Тут наш разговор с Колесниковым подошел, пожалуй, к самым трудным годам жизни.
– В воскресенье собирался с женой пойти на Дон, но попросили выполнить срочный спецзаказ. Работаю. И вдруг подходит ко мне электрик, старик Жданов, и на ухо шепчет:
– Петр Кондратьич, война.
– А чего ж ты, в цеху никого нет, а ты шепчешь? Кто тебе сказал?
– По радио.
– Ну, раз по радио, так тем более! С кем война-то?
– Немцы.
Смотрю, уже люди сами собрались на митинг. Высказали мы свой гнев к агрессорам и готовность защищать родину. Сразу принялись за маскировку, за переход на военную продукцию. Перешли на казарменное положение. У меня была бронь, как и у многих, и я до 13 июля побыл на броне. А 14 июля меня срочно забрали в Ростовские стационарные авиамастерские. Там нужно было проводить ремонт самолетов, уже были подбитые бомбардировщики. Приехал военком, вызвали меня и написали: оформить увольнение через два часа.

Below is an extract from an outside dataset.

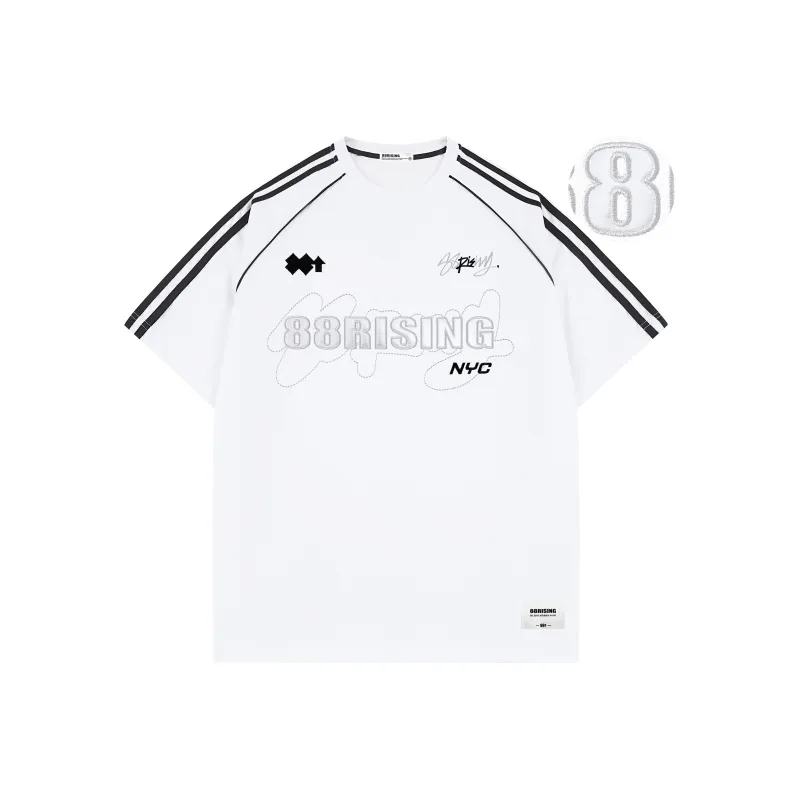 88rising T Shirts Unisex-4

Приехал в мастерские. Оказывается, обнаружился недостаток в хвостовой части бомбардировщика, и надо было срочно изготовить детали для устранения этого недостатка.
Осмотрел я деталь – сложная.
Начальник цеха говорит:
– Во что бы то ни стало, станок отремонтируйте. (Всего один был, и тот неисправный!). И для хвостового оперения сделайте хотя бы четыре детали.
И дает мне куски стали – толстенные. Там резать, резать, боже мой! К тому же это спецсталь. Посмотрел – это ж за неделю не сделаешь! Подумал. Говорю – кузнец нужен. Привели молодого парня, Сидоров фамилия. Я кузнеца спрашиваю:
– Молот есть у нас, 250 килограммов, не такой сильный, но отковать можно. Сделаешь?
Показал ему, он отвечает:
– Попробую.
И вот заложили мы в газовую печь болванки, восемь или десять штук.
А начальник цеха и еще тут полковник какой-то волнуются. Я, пока болванки греются, поставил две штуки и строгаю на станке. И все видят – это очень долго. Останется же всего тридцать миллиметров, а снять надо чуть не двести. Начальник цеха говорит:
– Я тебе даю солдата в помощь, ты никуда не ходи, он ужин принесет, а ты до завтрака, и так далее…
Ну, когда все ушли, стали мы с кузнецом ковать. Отковали с большим трудом четыре штуки. Закалить боялись. В общем, я за ночь четыре детали сделал и припрятал их. А поставил на станок болванку и делаю вторую сторону. Заря, смотрю, занимается. Начальник цеха прибегает:
– О-о! Да у тебя уже половина готова!
– Да, уже готова.
А про те – молчу, думаю – спасибо кузнецу!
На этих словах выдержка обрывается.